Monday, February 11, 2013

Stress in America: Where do you fit?


Recently the American Psychological Association (APA) released the findings of their annual nationwide Stress in America survey. The Stress in America survey has been released since 2007 as part of the APA’s  Mind/Body Health campaign.  The Stress in America survey measures attitudes and perceptions of stress among the general public and identifies leading sources of stress, common behaviors used to manage stress and the impact of stress on our lives. 

According to the survey, almost three-quarters (72 percent) of respondents say that their stress level has increased or stayed the same over the past five years and 80 percent say their stress level has increased or stayed the same in the past year. Only 20 percent said their stress level has decreased in the past year. 

Some of the most common sources of stress included money (69 percent), work (65 percent), the economy (61 percent), family responsibilities (57 percent), relationships (56 percent), family health problems (52 percent) and personal health concerns (51 percent). Given the level of stress experienced by American’s we need to continue to work towards strengthening our understanding of the connection between mental and physical health.

How does stress affect your overall health?
The National Institute of Mental Health (NIMH) identifies three different types of stress, all of which carry physical and mental health risks:
  • Routine stress related to the pressures of work, family and other daily responsibilities.
  • Stress brought about by a sudden negative change, such as losing a job, divorce, or illness.
  • Traumatic stress, experienced in an event like a major accident, war, assault, or a natural disaster where one may be seriously hurt or in danger of being killed.
The body responds to each type of stress in similar ways. Different people may feel it in different ways. For example, some people experience mainly digestive symptoms, while others may have headaches, sleeplessness, depressed mood, anger and irritability. People under chronic stress are prone to more frequent and severe viral infections, such as the flu or common cold, and vaccines, such as the flu shot, are less effective for them. 
Ways to cope with stress
Previously, I published a blog on ways to cope with stress. Although not an exhaustive list it provided some simple strategies to cope with stress. The NIMH also provides the following tips:
  • Seek help from a qualified mental health care provider if you are overwhelmed, feel you cannot cope, have suicidal thoughts, or are using drugs or alcohol to cope.
  • Get proper health care for existing or new health problems.
  • Stay in touch with people who can provide emotional and other support.
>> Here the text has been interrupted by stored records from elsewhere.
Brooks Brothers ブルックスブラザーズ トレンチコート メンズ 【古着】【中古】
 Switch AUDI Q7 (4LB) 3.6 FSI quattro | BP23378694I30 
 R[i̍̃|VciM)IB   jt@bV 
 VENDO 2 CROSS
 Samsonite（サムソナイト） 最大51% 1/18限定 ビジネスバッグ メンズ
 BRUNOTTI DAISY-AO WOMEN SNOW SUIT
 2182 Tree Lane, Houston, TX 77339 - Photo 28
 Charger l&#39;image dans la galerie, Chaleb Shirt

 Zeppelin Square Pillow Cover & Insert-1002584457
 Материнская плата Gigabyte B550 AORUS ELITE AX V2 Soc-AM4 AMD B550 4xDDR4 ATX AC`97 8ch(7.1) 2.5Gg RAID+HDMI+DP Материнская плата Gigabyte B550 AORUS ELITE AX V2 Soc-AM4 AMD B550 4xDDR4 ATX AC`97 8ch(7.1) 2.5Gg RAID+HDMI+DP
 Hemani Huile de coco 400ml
Ask for help from friends, family, and community or religious organizations to reduce stress due to work burdens or family issues, such as caring for a loved one.
  • Recognize signs of your body's response to stress, such as difficulty sleeping, increased alcohol and other substance use, being easily angered, feeling depressed, and having low energy.
  • Set priorities-decide what must get done and what can wait, and learn to say no to new tasks if they are putting you into overload.
  • Note what you have accomplished at the end of the day, not what you have been unable to do.
  • Avoid dwelling on problems. If you can't do this on your own, seek help from a qualified mental health professional who can guide you.
  • Exercise regularly-just 30 minutes per day of gentle walking can help boost mood and reduce stress.
  • Schedule regular times for healthy and relaxing activities.
  • Explore stress coping programs, which may incorporate meditation, yoga, tai chi, or other gentle exercises.
In addition to uses these strategies, it may also be helpful to seek professional help if you feel that you are extremely overwhelmed by life circumstances. The APA provides a free tool to locate psychologist in your area. You can also contact your local state psychological association for resources to help locate a therapist.